A Justiça determinou a suspensão imediata e por tempo indeterminado do exercício da medicina do cirurgião plástico Rodrigo Ribeiro Credidio, em Belo Horizonte. A decisão liminar, proferida pela 26ª Vara Cível da capital mineira, atende a uma ação civil pública apresentada pela Defensoria Pública de Minas Gerais (DPMG) após relatos e documentos apresentados por pacientes do médico.

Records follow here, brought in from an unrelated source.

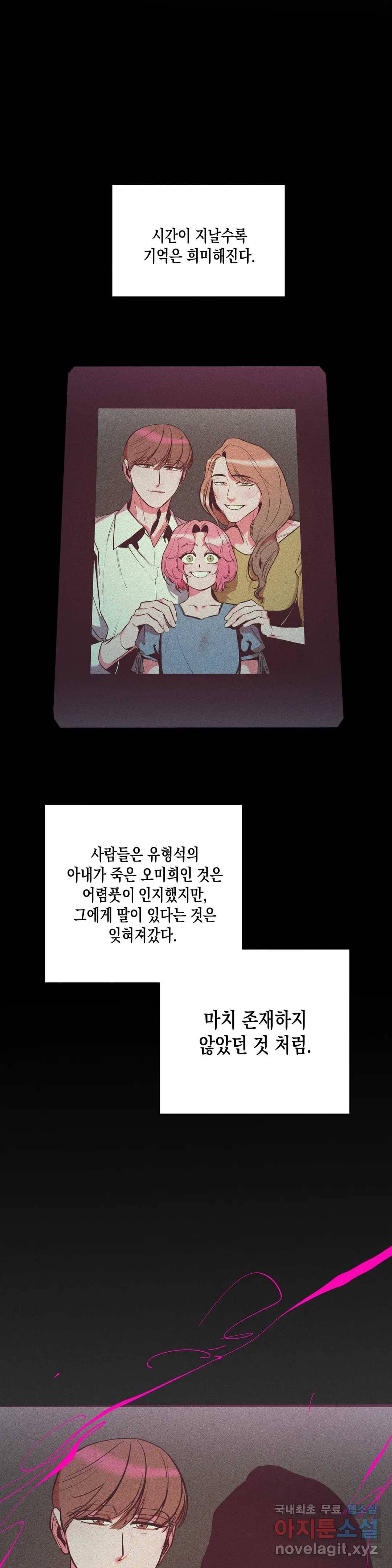 싫은 여자 27화 11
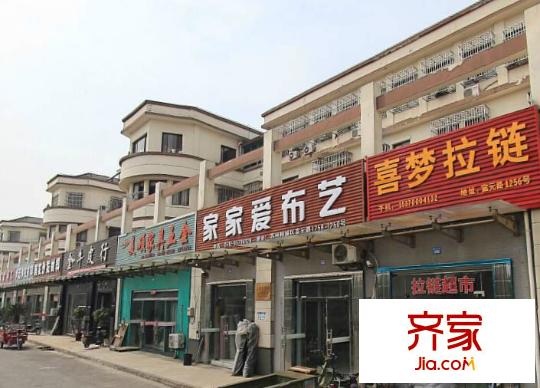 鄰蠡中心外景圖
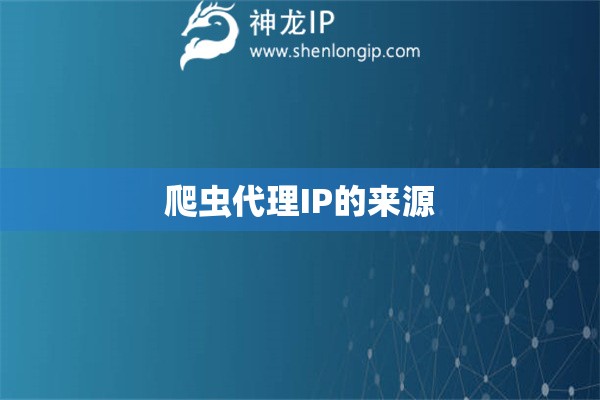 爬虫代理IP的来源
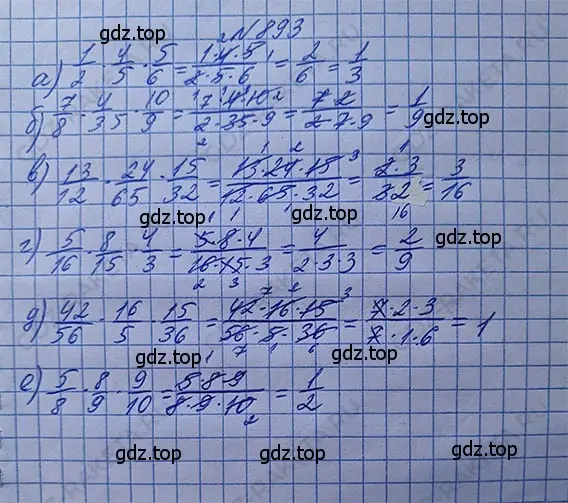 Решение 5. номер 4.166 (страница 202) гдз по математике 5 класс Никольский, Потапов, учебник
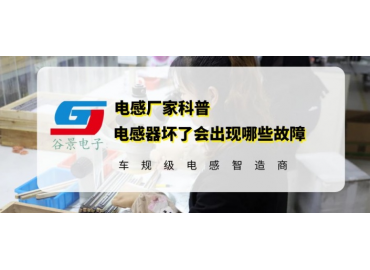 你知道貼片電感壞了有什么現象嗎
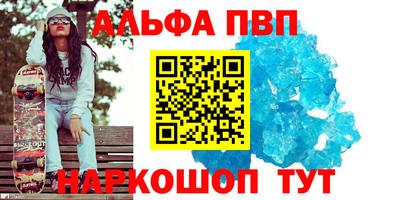 дмт Боровичи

Além de impedir o exercício profissional, a decisão afastou Credidio da função de diretor técnico da Clínica Credidio Cirurgia Plástica e Nutrologia, localizada no bairro Anchieta, na Região Centro-Sul de Belo Horizonte. O estabelecimento terá 15 dias para indicar outro médico, com registro ativo no Conselho Regional de Medicina de Minas Gerais (CRM-MG), para assumir a responsabilidade técnica. A clínica poderá continuar funcionando em suas atividades administrativas e comerciais sob a responsabilidade do novo diretor.

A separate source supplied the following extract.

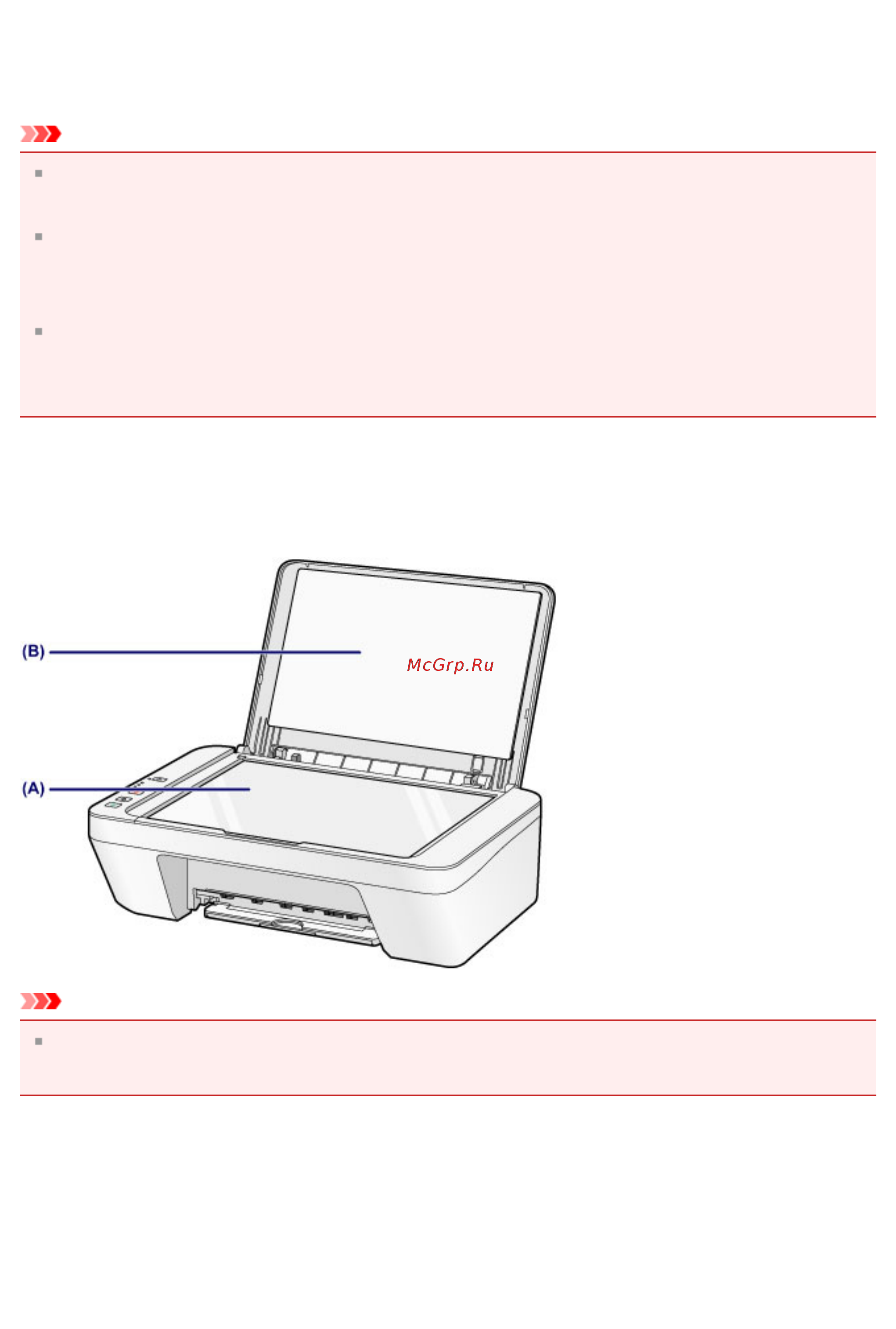 Canon PIXMA MG2540S (замена MG2440) [99/423] Очистка стекла рабочей поверхности и крышки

A Justiça também determinou que sejam entregues, no prazo de 15 dias, prontuários, termos de consentimento informado e demais registros clínicos de pacientes submetidas a cirurgias realizadas pelo médico entre 2019 e 2024. Em caso de descumprimento, os autos preveem a possibilidade de busca e apreensão dos documentos.

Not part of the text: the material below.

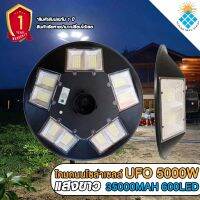 ถูกมาก  โคมไฟไฟถนน UFO 5000W โคมไฟถนนโซล่าเซลล์UFO Square Lightไฟถนนโซล่าเซลล์พลังงานแสงอาทิตย์100% แสงขาว รับประกันแผง 5 ปี ค่าไฟ 0 บาท!!!!!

MORTE DE PACIENTE ESTÁ ENTRE OS CASOS ANALISADOS
A ação ganhou força após a morte de Norma Eduarda da Fonseca, servidora pública de 59 anos, em abril de 2024. Segundo os elementos apresentados no processo, ela havia sido submetida a cinco procedimentos de cirurgia plástica em uma única operação, realizada em fevereiro daquele ano, com duração aproximada de sete horas.
Após receber alta, Norma apresentou complicações e precisou ser novamente internada. Conforme os autos, ela desenvolveu uma infecção por bactéria hospitalar multirresistente, permaneceu internada por 62 dias e morreu após sofrer falência múltipla de órgãos. A família sustenta que houve falhas na assistência após a cirurgia e levou o caso às autoridades.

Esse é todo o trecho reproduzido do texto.